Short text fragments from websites

__________

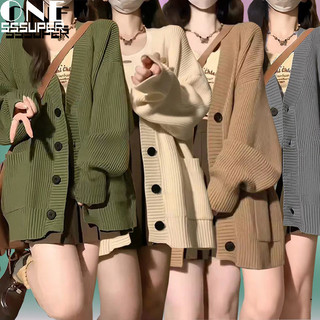 Sweater rajutan premium  yang menebal Sweater rajutan wanita panjang sedang Sweater rajutan trendi ala Korea Sweter lengan panjang kerah v retro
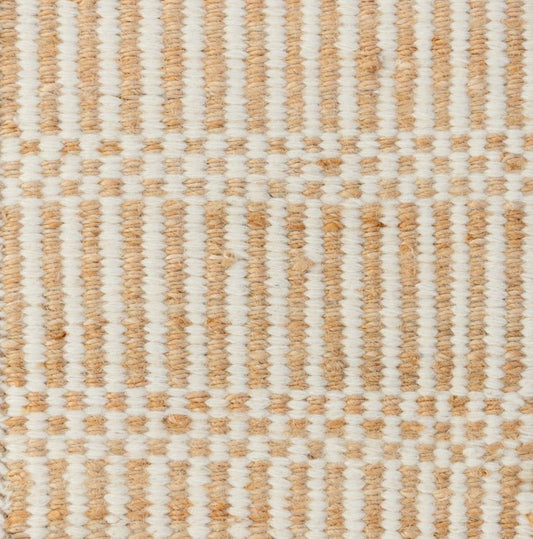 Handwoven jute and wool rug in ivory and natural tones with soft stripe pattern – Cotton White Jute & Wool Rug by Locust Lane Rugs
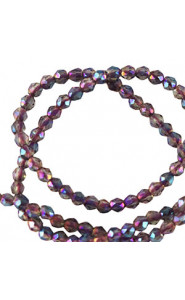 Faceted glass beads 2mm round Purple ab coating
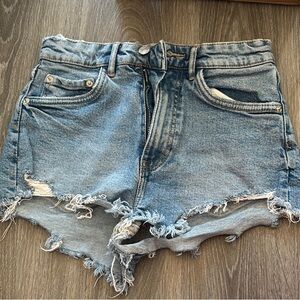 Zara Blue Jean Shorts Distressed Cut-Off Style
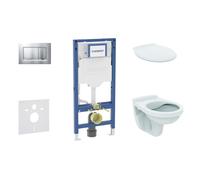 Geberit Duofix - Set bâti-support, cuvette Alpha et abattant, plaque de déclenchement Sigma20, chrome mat/chrome SANI11CD2130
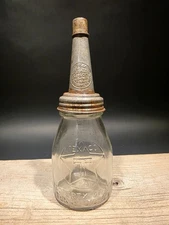 11" Vintage Style Glass Texaco Oil Bottle w Spout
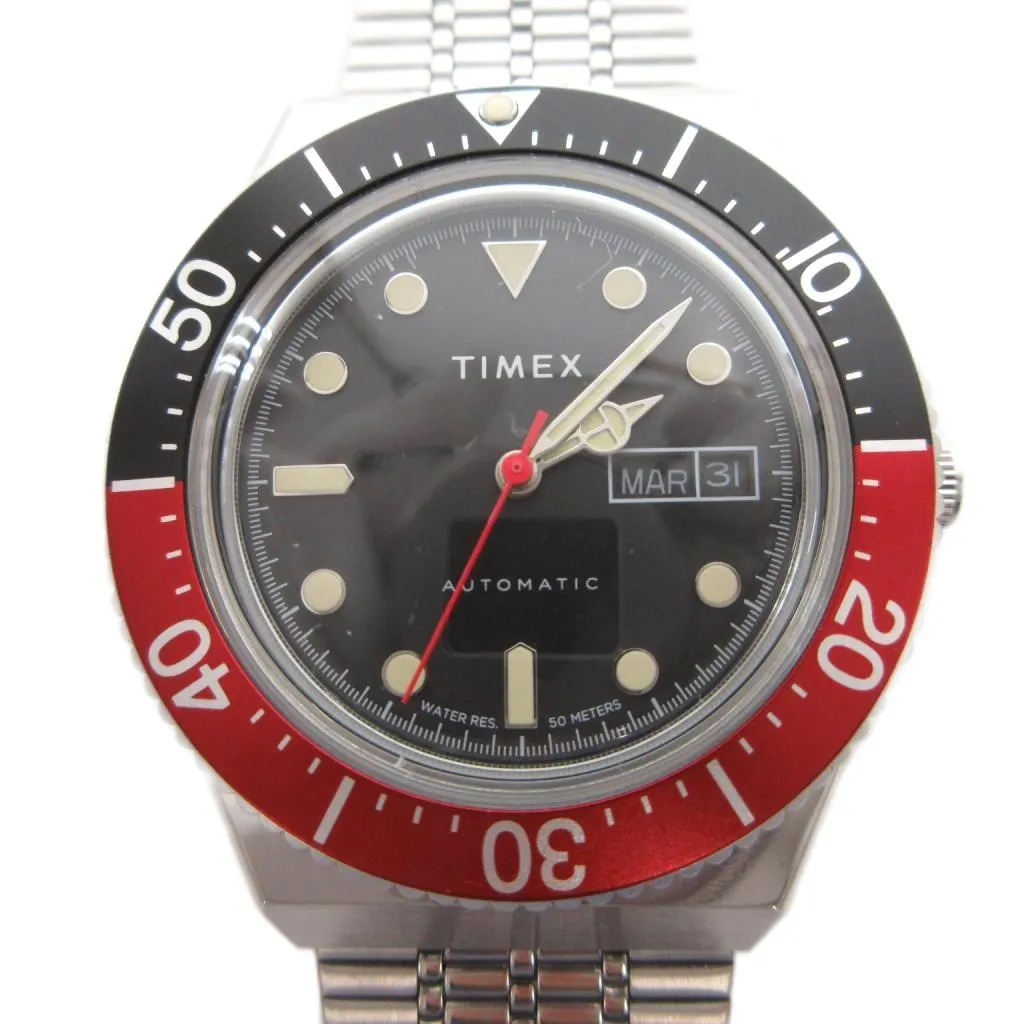 【中古】タイメックス TIMEX 腕時計 ウォッチ アナログ デイデイト 自動巻き 文字盤ブラック シルバーカラー TW2U83400 /FF  【ベクトル 古着】 260330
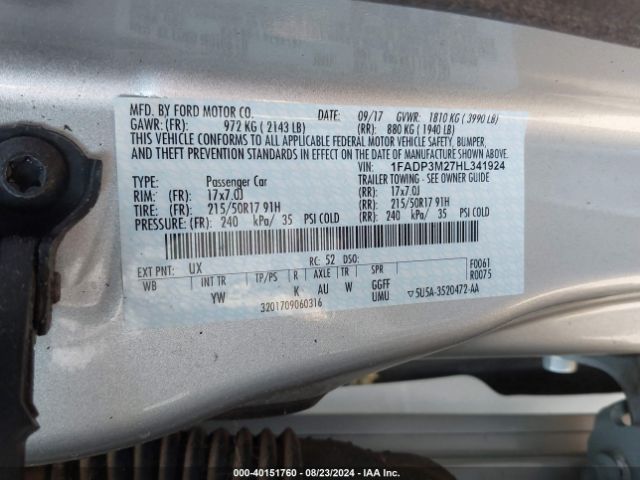 Photo 8 VIN: 1FADP3M27HL341924 - FORD FOCUS 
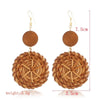 E2002-12 Ear Hook Deep Cake Bamboo Vine Handmade Woven Earrings Bosomia Style Earrings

__________

**Problem requirements:** Because only the text is wanted, repeat all the entries exactly and leave out the pictures.

**Exercise output:**
 Sweater rajutan premium  yang menebal Sweater rajutan wanita panjang sedang Sweater rajutan trendi ala Korea Sweter lengan panjang kerah v retro
 Handwoven jute and wool rug in ivory and natural tones with soft stripe pattern – Cotton White Jute & Wool Rug by Locust Lane Rugs
 Faceted glass beads 2mm round Purple ab coating
 Zara Blue Jean Shorts Distressed Cut-Off Style
 Geberit Duofix - Set bâti-support, cuvette Alpha et abattant, plaque de déclenchement Sigma20, chrome mat/chrome SANI11CD2130
 11" Vintage Style Glass Texaco Oil Bottle w Spout
 【中古】タイメックス TIMEX 腕時計 ウォッチ アナログ デイデイト 自動巻き 文字盤ブラック シルバーカラー TW2U83400 /FF  【ベクトル 古着】 260330
 Photo 8 VIN: 1FADP3M27HL341924 - FORD FOCUS 
 E2002-12 Ear Hook Deep Cake Bamboo Vine Handmade Woven Earrings Bosomia Style Earrings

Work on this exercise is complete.